Task objective:
Exclude the pictures and repeat all of the data exactly.

Provided data:
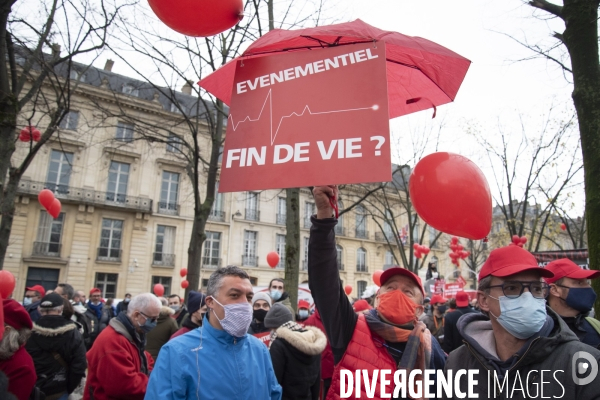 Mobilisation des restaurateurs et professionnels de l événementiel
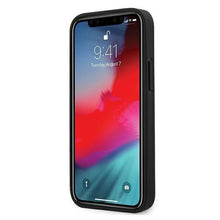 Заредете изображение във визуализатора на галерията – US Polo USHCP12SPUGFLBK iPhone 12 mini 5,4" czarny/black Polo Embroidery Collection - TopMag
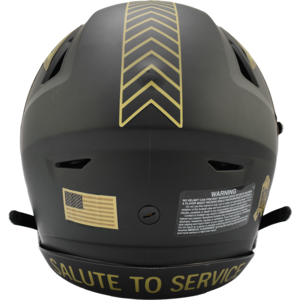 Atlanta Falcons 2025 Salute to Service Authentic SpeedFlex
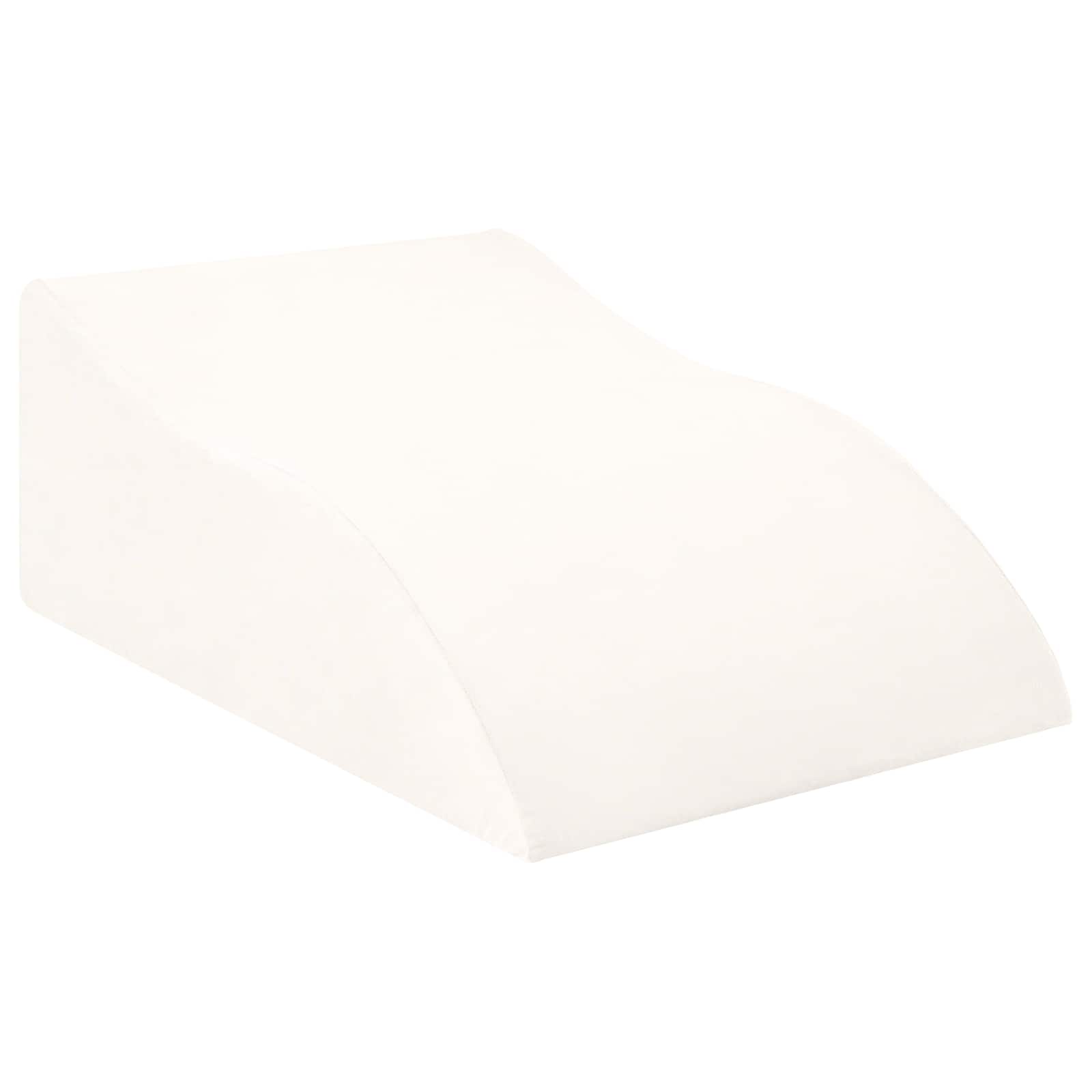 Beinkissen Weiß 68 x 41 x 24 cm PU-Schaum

Solution:
 Mobilisation des restaurateurs et professionnels de l événementiel
 Заредете изображение във визуализатора на галерията – US Polo USHCP12SPUGFLBK iPhone 12 mini 5,4" czarny/black Polo Embroidery Collection - TopMag
 Atlanta Falcons 2025 Salute to Service Authentic SpeedFlex
 Beinkissen Weiß 68 x 41 x 24 cm PU-Schaum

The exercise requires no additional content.